Appellants, M. H. Allen and R. L. Gresham, are members of the Little Rock Police and Fire Departments respectively, and as such receive certain benefits under the civil service system established by Act 28 of 1933. That act, among other things, provides: "that no person shall be eligible for appointment to any position on the fire department who has not arrived at the age of 21 or who is over 31 years of age; and no person shall be eligible for appointment on the police department affected by this act who has not arrived at the age of 21 years or who is over the age of 45 years."
The complaint of appellants alleged that appellees have certified "people as regular members of the respective police and fire departments who are older than thirty-one years but have not reached their thirty-second birthday anniversaries, and older than forty-five years but have not reached their forty-sixth birthday anniversaries, etc." The truth of this allegation is, by the demurrer, conceded. As indicated, the sole question presented is the intended and proper meaning to be given to the statutory requirement, supra, that employees be not "over 31 years of age" or not "over the age of 45 years."
As noted above, the trial court, in sustaining the demurrer, held that a person is not over 31 or 45 years of age until he reaches his thirty-second birthday on the one hand, or his forty-sixth birthday on the other. We are clearly of the view that this holding is correct, is generally recognized, and therefore the act in question authorized the employment of persons in the fire department of the city of Little Rock until they reach their thirty-second birthday and the employment of persons in the police department until they reach their forty-sixth birthday.
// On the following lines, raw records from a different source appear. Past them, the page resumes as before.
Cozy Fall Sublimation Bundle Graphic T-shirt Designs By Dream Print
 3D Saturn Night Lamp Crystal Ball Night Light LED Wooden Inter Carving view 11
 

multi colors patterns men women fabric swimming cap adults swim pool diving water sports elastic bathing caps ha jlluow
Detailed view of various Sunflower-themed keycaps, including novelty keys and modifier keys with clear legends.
In the case of Wilson v. Mid-Continental Life Insurance Company of Oklahoma City, 159 Okla. 191,14 P.2d 945, 84 A.L.R. 386, the Supreme Court of Oklahoma *Page 978 had before it a case wherein the insurance company had issued a policy of life insurance providing, among other things, that it should not cover any person "over the age of 65 years." The insured there reached his sixty-fifth birthday February 22, 1928, and died October 19, 1928, nearly eight months later. The insurance company resisted payment on the ground that the insured was over the age of 65 years. The Supreme Court there said: "The only provision or reference as to age limit provided in the policy is: `Sec. 17. The insurance under this policy shall not cover any person under the age of eighteen nor over the age of sixty-five years.' In construing 2, chap. 32, Sess. Laws 1925, with reference to age limit which reads as follows: `Article III. Shall state the objects of the association and the plans by which these objects are to be carried out, including the extreme limit of age of persons to whom benefit certificates may be issued, which limit of age shall not exceed fifty-five (55) years,' in the case of Watson v. Loyal Union Life Ass'n, 143 Okla. 4, 286 P. 888, this court said in the syllabus: `A person is not over 55 years of age, within the meaning of 2, chap. 32, S.L. 1925, until he arrives at the age of 56.' And in the body of the opinion this court said: `A person is ordinarily not considered over 55 years of age until he arrives at the age of 56. It may safely be said that it is universally so understood'. . . . We are of the opinion that in construing the ordinary and generally accepted meaning of the language used in the policy, fractions of a year should not be considered, and that the insured having not reached his sixty-sixth birthday at the time of the accident and death, that he was therefore not `over the age of 65 years,' and that the policy was in force at the time of his death, and that the demurrer should have been overruled, etc."
Finding no error, the decree is affirmed.